The rezoning of two West Pennsboro farms to make way for warehousing has been overturned on appeal.
West Pennsboro’s Zoning Hearing Board, convened to adjudicate the challenge to the rezoning, voted 3-0 Thursday night in favor of the appellants, the attorneys involved were told.
“It was a vote to grant the relief requested in my appeal … meaning they rendered their vote to invalidate the ordinance that changed the zoning to industrial,” said attorney Nathan Wolf, who challenged the re-zoning on behalf of several adjacent homeowners.
The re-zoning had been requested by Allen Distribution and was approved by the West Pennsboro Township Board of Supervisors this year, spurring the appeal.
Allen Distribution could itself appeal the Zoning Hearing Board’s decision to the court system. The attorney representing the company, Hubert Gilroy, said that determination will be made once the Zoning Hearing Board submits its written decision next week, as only a verbal decision had been conveyed Thursday night.
“We won’t be making any determination until we see the written decision next week,” Gilroy said. “We have to see their rationale before we determine what to do.”
The case revolves around the re-zoning of two farm parcels along Newville Road (Route 641) from residential to industrial use. If favorably re-zoned, Allen Distribution has planned a warehouse site north of Newville Road and immediately west of Meadowbrook Road.

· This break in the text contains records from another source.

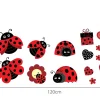 Naljepnica za zid "Ladybugs" - Slika 4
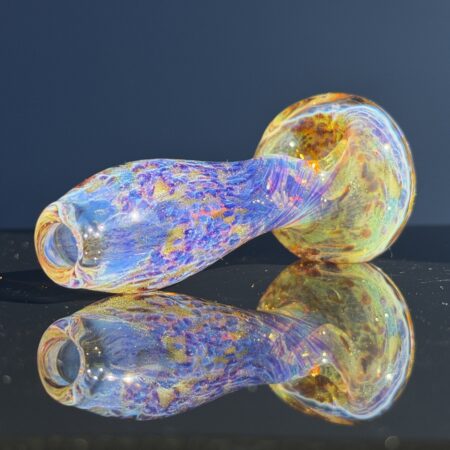 Purple Ghost Pipe All Pipes and Accessories Tako Glass Purple Ghost Pipe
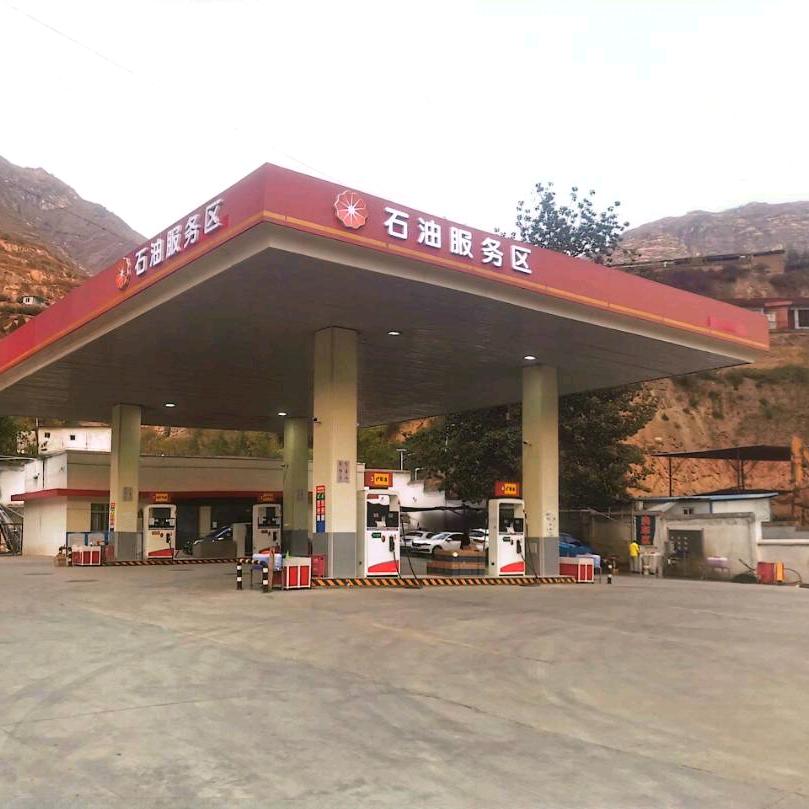 力源石油服务区加油站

The east side of Meadowbrook already has a significant warehousing and industrial campus, but the west side, as well as the north side of Newville Road, has small residential lots located alongside it that would be sandwiched by a warehouse complex being built up against their backyards.
The appeal, as argued by Wolf, centers on the concept of “spot zoning,” alleging that the West Pennsboro supervisors’ decision constituted as such, and was thus illegal.

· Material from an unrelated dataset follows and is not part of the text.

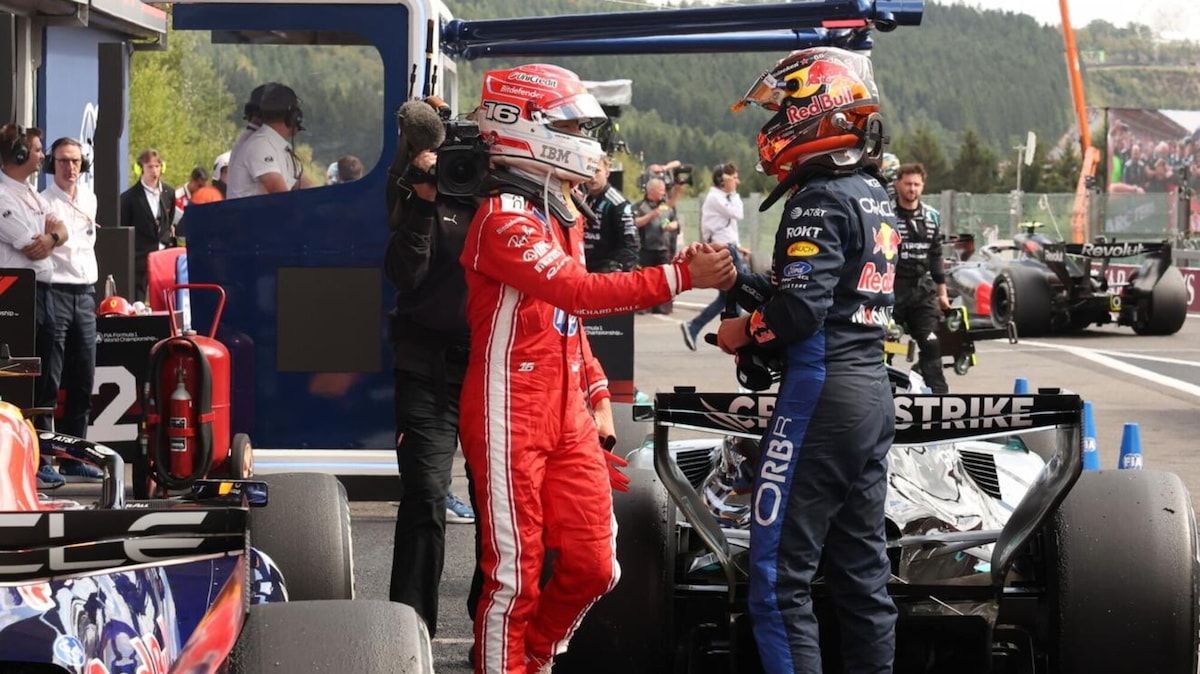 Formula 1, la classifica dei team dopo Spa-Francorchamps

Spot zoning involves the creation of land use zones that are tailored specifically to the interest of a particular property, inconsistent with the interest of the community as a whole, thus creating an “island” of zoning rights.

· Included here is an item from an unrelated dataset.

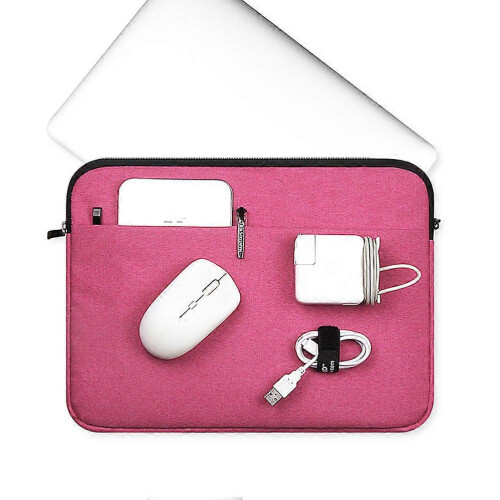 Laptop Sleeve Portable Laptop Sleeve Case Protective Bag 2Pcs Violet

In the West Pennsboro case, Wolf argued, the township made allowances to rezone the land for warehouse use simply because a warehouse use was put on the table, even though the change is contrary to the core concept of zoning, which is to protect the public welfare by preventing conflict between different landowners’ uses of their property.
Previous iterations of the township’s comprehensive plan, as well as traffic studies, Wolf argued, showed that an increase in warehousing use along Route 641 was not supported by existing public infrastructure and land-use patterns.
Following the decision, Wolf said that the case now presents an interesting issue. While the township’s supervisors agreed to Allen Distribution’s rezoning request, the zoning hearing board has said, in essence, that they should not have.
If the developer appeals the case, it will not be a court challenge to Wolf’s clients, Wolf said, but a challenge to the zoning hearing board’s decision to overturn the supervisors’ decision, thus pitting the findings of one group of West Pennsboro officials against the findings of the other.
“It’s an interesting situation because the law is not clear that I could even intervene in that appeal,” Wolf said. “If the way it plays out is that my clients want to have me assist in the zoning hearing board’s defense of their decision, I will do that, but it puts us in a more detached position.”